> _What you are asked to do_
Please set down, unchanged, each line from the one with "This is a simulation" to the final line of the data below, both included. Drop the pictures.

START Dataset content

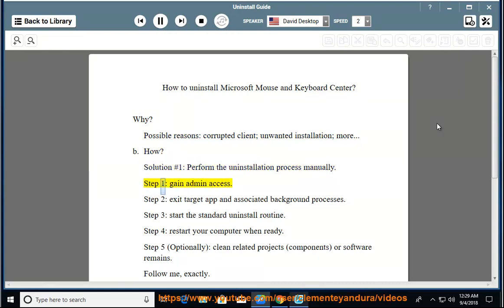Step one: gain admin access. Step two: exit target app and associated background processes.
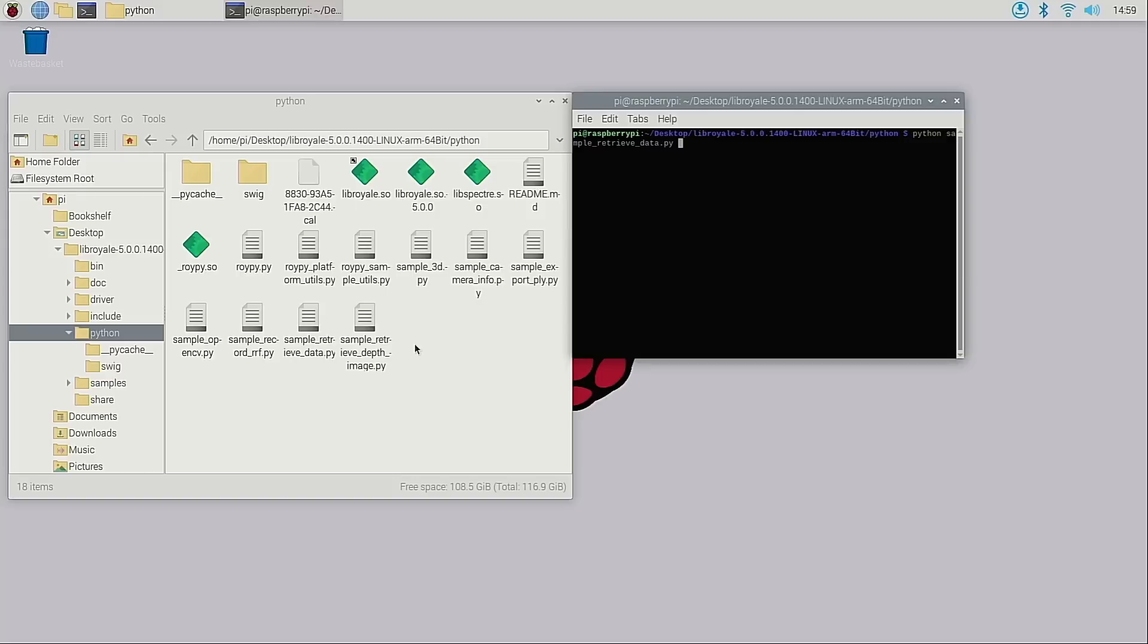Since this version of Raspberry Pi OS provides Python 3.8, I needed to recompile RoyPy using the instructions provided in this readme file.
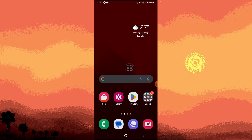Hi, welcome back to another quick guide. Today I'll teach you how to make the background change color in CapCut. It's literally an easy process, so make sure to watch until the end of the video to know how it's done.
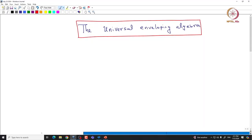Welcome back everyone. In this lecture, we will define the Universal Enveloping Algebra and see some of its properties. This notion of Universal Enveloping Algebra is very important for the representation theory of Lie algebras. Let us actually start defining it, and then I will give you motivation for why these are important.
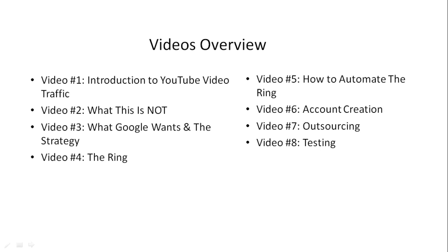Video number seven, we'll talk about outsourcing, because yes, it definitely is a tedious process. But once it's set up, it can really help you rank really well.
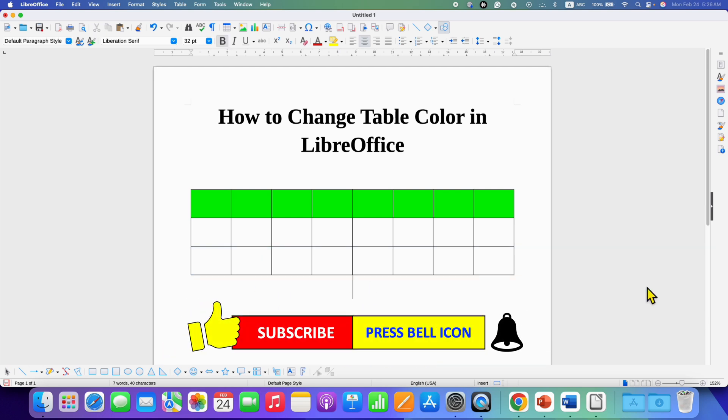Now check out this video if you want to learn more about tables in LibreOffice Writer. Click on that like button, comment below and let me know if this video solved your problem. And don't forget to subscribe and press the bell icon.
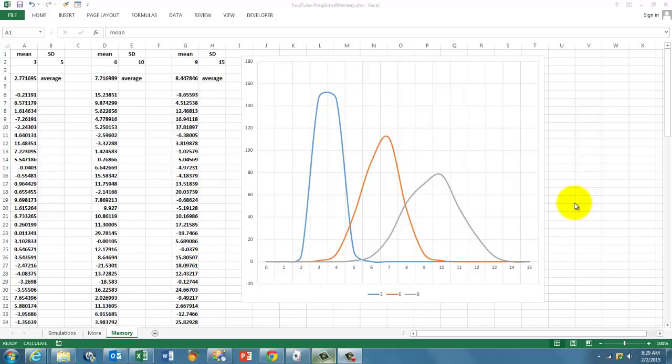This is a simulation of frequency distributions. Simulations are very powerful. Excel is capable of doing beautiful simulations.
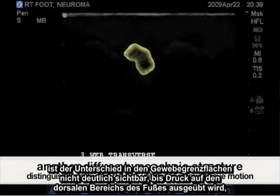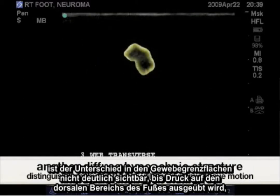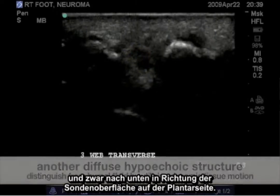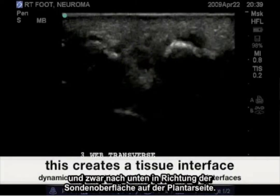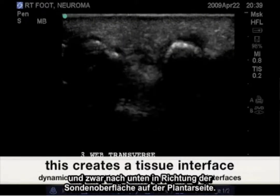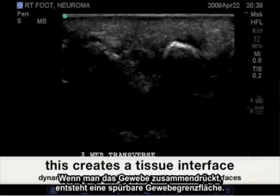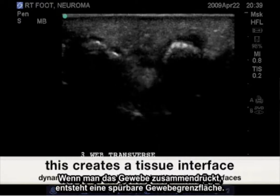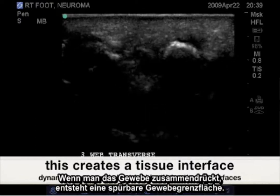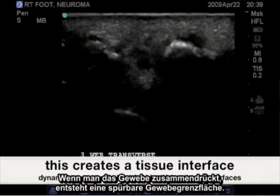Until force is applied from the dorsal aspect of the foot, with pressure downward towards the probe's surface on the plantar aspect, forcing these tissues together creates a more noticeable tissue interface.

END Dataset content

> _Answer to this exercise_
This is a simulation of frequency distributions. Simulations are very powerful. Excel is capable of doing beautiful simulations.
Until force is applied from the dorsal aspect of the foot, with pressure downward towards the probe's surface on the plantar aspect, forcing these tissues together creates a more noticeable tissue interface.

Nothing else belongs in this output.